My previous jobs have included :
1) working for insurance companies (mind numbing- those of you who have read my blog whoiamandwhatido will know that line of work ended when I had to be woken by phone after falling asleep at my desk following an all-nighter at a Black Sabbath concert!!!)
2) being a dental assistant – I did try to qualify as a dental nurse but failed to recognise a variety of torture tools under exam conditions!! I actually quite liked extractions (other people’s !) and mixing mercury and powder together into silver amalgam but not enough to carry on earning a pittance ! Anyway my lovely dentist retired!
3) this was followed by a period in the civil service at Min of Ag Fish and Food (cheap beef, hunky vets) and as a clerical officer with DHSS( you had to pass an exam ffs) but this was never my raison d’etre.
At this point I became pregnant with my son and left vowing I would never,ever, ever do another boring job again. You might be wondering what this has to do with the title of my blog but I am coming to it …… Despite never wanting to teach I did embark upon a degree course whilst caring for a young baby and later a PGCE when my son was in his first year at school; it was a hard slog, but I was spurred on because I was doing something meaningful, something I knew I already loved.

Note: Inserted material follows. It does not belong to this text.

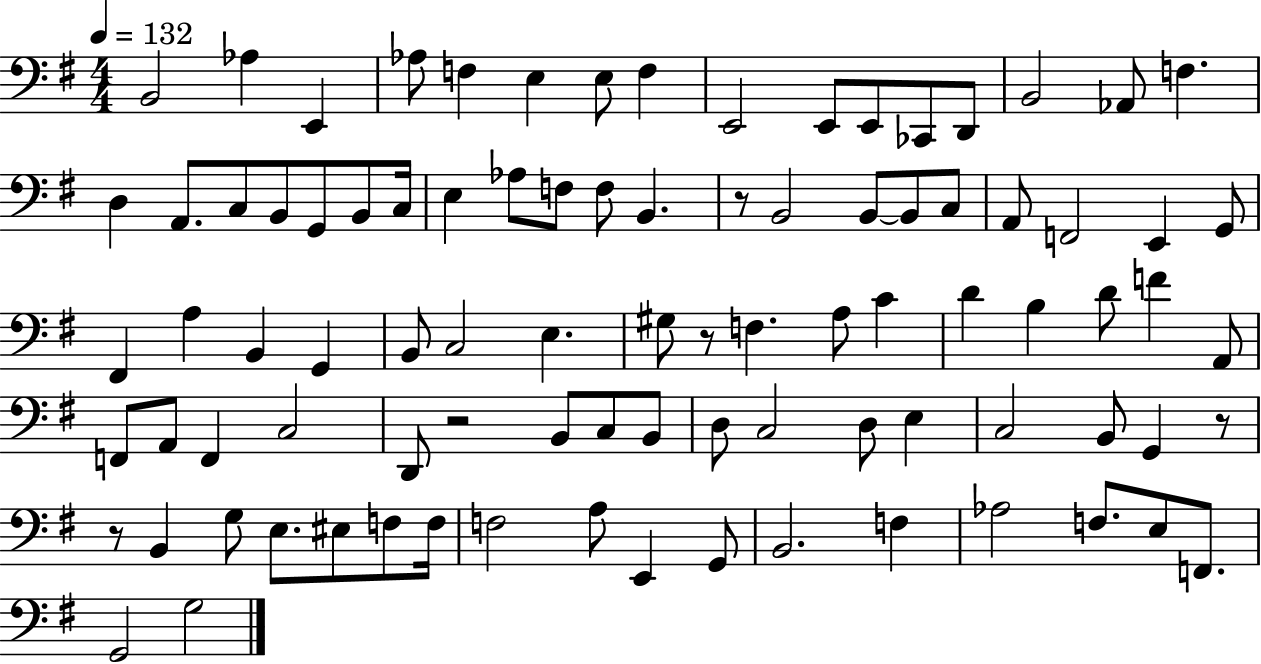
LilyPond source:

Over the years, with some tremendous highs and very dispiriting lows, I have never forgotten that hopeless feeling of having a string of unmotivating jobs which didn’t stretch or challenge or inspire. Jobs which literally sent me to sleep !!

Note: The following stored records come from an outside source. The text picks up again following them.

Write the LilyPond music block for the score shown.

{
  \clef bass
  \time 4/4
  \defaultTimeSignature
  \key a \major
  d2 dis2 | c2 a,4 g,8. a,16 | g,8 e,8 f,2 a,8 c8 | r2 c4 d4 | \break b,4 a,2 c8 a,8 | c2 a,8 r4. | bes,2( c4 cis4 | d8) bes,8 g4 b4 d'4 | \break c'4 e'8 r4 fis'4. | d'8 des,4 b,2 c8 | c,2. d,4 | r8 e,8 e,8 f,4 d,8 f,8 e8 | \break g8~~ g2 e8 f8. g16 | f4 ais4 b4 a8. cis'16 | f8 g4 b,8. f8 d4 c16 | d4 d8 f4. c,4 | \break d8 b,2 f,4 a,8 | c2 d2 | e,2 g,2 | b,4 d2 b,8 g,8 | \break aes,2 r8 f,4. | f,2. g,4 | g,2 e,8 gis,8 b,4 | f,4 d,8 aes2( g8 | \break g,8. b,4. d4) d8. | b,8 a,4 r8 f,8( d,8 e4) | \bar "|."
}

As a teacher I have always worked hard and I put in long hours now as a manager, but I have always been buoyed up by excitement and enthusiasm for children and for teaching and learning. In my present post I support children with SEN and extreme behavioural needs which can be challenging and exhausting but still motivates me to get up early every morning. Well-being and work-load have always been big issues but I have mostly tried to find that balance between leisure and endeavour. I have yet to turn my face towards the wall of impending retirement; I still feel I have more to contribute.
However, I do see that the continual turning of the wheel that is education is causing collateral damage to butterflies that fall under its yoke and are crushed, namely colleagues with young families they struggle to find time for and those who long to retire but still have mortgages to pay. Goal posts are relentlessly being moved and expectations are rising; whatever we do is never good enough and the pressure is always on.
So, would I prefer to be back in a dead- end job or soldier on in my chosen profession, tiring though it can be? I think that’s a no- brainer for me; I’ve struggled and striven to be where I am now and I’ve no regrets. I think as teachers we are often our own worst enemies and we need to decide whether the long hours we put in are as productive as we think; are we honing our time management skills sufficiently? Is the end product directly linked to our efforts?
There are no easy answers but I do feel we need to love ourselves more and give ourselves time for much-needed R and R; educating our future generations demands that we do so if we are to give them our best.